Ready to Inhale: The Senate Tilts Toward Pot Reform
The U.S. Senate is sometimes referred to as “the world’s greatest deliberative body.” However, during this fractious election year, the chamber has more closely resembled a kindergarten on the Potomac.
That’s about to change. When Congress reconvenes in January 2021, bipartisan agreement is likely to coalesce around major legislative initiatives, such as infrastructure spending, fiscal stimulus, and yes…marijuana legal reform.
The Democratic-controlled House already has shown its propensity to support marijuana legalization; the GOP-led Senate has been the impediment. But with the 2020 election cycle behind us, it appears that Senators are ready to embrace weed.

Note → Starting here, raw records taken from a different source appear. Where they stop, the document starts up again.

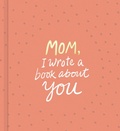 Cover: Mom, I Wrote a Book About You - Compendium Inc.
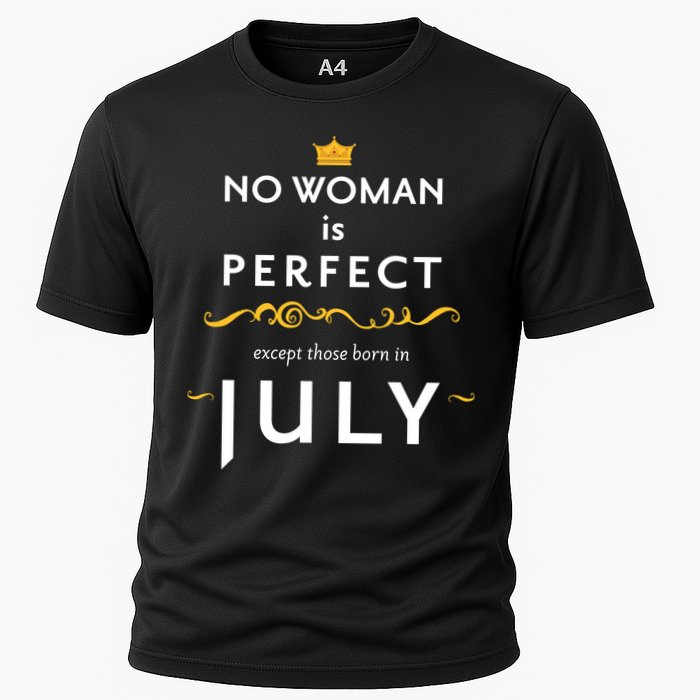 No Woman Is Perfect Except Those Born In July Cooling Performance Crew T-Shirt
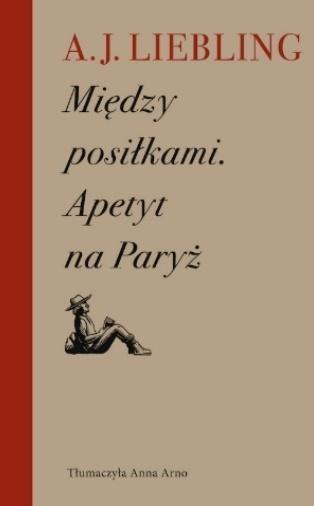 Między posiłkami. Apetyt na Paryż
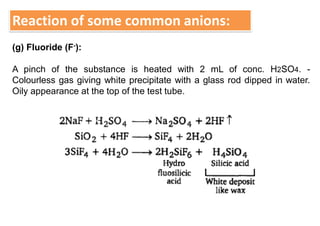 Reaction of some common anions:
(g) Fluoride (F-):
A pinch of the substance is heated with 2 mL of conc. H2SO4. -
Colourless gas giving white precipitate with a glass rod dipped in water.
Oily appearance at the top of the test tube.
 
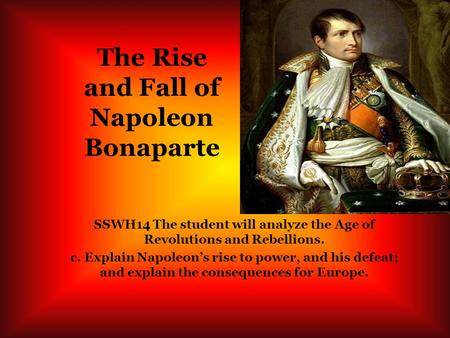 The Rise and Fall of Napoleon Bonaparte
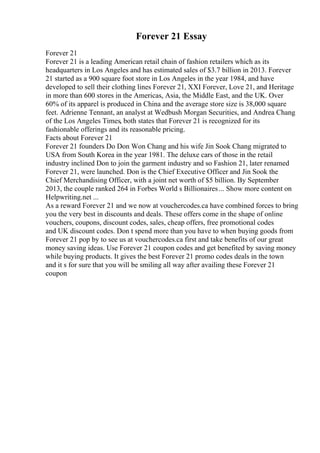 Forever 21 Essay
Forever 21
Forever 21 is a leading American retail chain of fashion retailers which as its
headquarters in Los Angeles and has estimated sales of $3.7 billion in 2013. Forever
21 started as a 900 square foot store in Los Angeles in the year 1984, and have
developed to sell their clothing lines Forever 21, XXI Forever, Love 21, and Heritage
in more than 600 stores in the Americas, Asia, the Middle East, and the UK. Over
60% of its apparel is produced in China and the average store size is 38,000 square
feet. Adrienne Tennant, an analyst at Wedbush Morgan Securities, and Andrea Chang
of the Los Angeles Times, both states that Forever 21 is recognized for its
fashionable offerings and its reasonable pricing.
Facts about Forever 21
Forever 21 founders Do Don Won Chang and his wife Jin Sook Chang migrated to
USA from South Korea in the year 1981. The deluxe cars of those in the retail
industry inclined Don to join the garment industry and so Fashion 21, later renamed
Forever 21, were launched. Don is the Chief Executive Officer and Jin Sook the
Chief Merchandising Officer, with a joint net worth of $5 billion. By September
2013, the couple ranked 264 in Forbes World s Billionaires... Show more content on
Helpwriting.net ...
As a reward Forever 21 and we now at vouchercodes.ca have combined forces to bring
you the very best in discounts and deals. These offers come in the shape of online
vouchers, coupons, discount codes, sales, cheap offers, free promotional codes
and UK discount codes. Don t spend more than you have to when buying goods from
Forever 21 pop by to see us at vouchercodes.ca first and take benefits of our great
money saving ideas. Use Forever 21 coupon codes and get benefited by saving money
while buying products. It gives the best Forever 21 promo codes deals in the town
and it s for sure that you will be smiling all way after availing these Forever 21
coupon
 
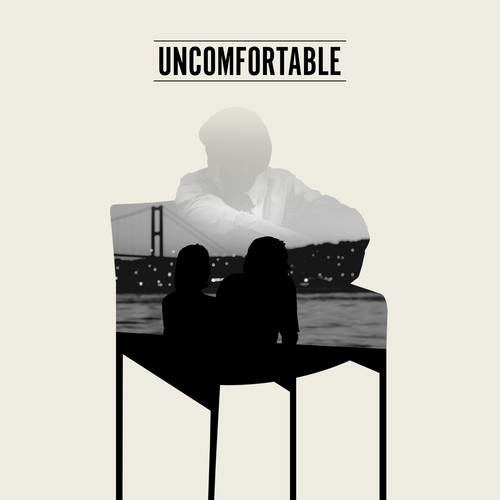Uncomfortable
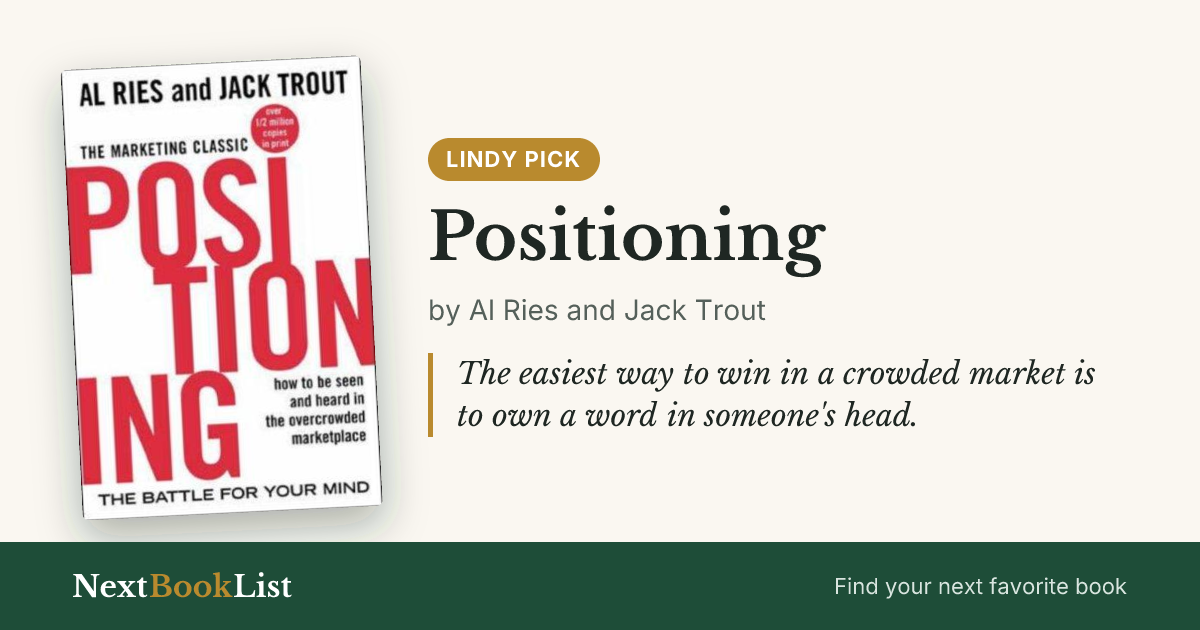 Positioning by Al Ries and Jack Trout: book review and summary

Notably, the U.S. Senate Banking Committee is expected to be marijuana-friendly next year, regardless of whether Democrats or Republicans control the chamber.
That’s good news for the Secure and Fair Enforcement (SAFE) Banking Act, which is set to take the fast track in the Senate in 2021. SAFE is federal legislation that would give marijuana companies greater access to conventional financial services, which in turn would provide a major boost for cannabusinesses and their investors. Most pot companies are forced to primarily deal with cash, even in states where marijuana is legal, because banks are leery of federal reprisals.
Marijuana industry leaders are encouraged that the likely incoming chair of the Senate Banking Committee, Pennsylvania Republican Pat Toomey, has recently expressed his support of SAFE.
Toomey, who will chair the committee if the GOP keeps its majority in the chamber, said that marijuana banking legislation is “something we should work on.” SAFE has passed the House but remains stalled in the Senate.
Without access to banking, marijuana businesses can’t get loans. They also lack the ability to process credit card payments, deposit cash, and write checks to suppliers, among other vital functions.
SAFE also would undercut the growing black market in marijuana sales and improve the industry’s financial transparency in legal cannabis states.
Senator Toomey told the press last week that he was “sympathetic to the idea that people who are involved in (the) cannabis industry, in an entirely legal fashion, in the state in which they operate, ought to be able to have ordinary banking services. That’s my starting point, and then there’s a lot of details to work out, but I am open to that.”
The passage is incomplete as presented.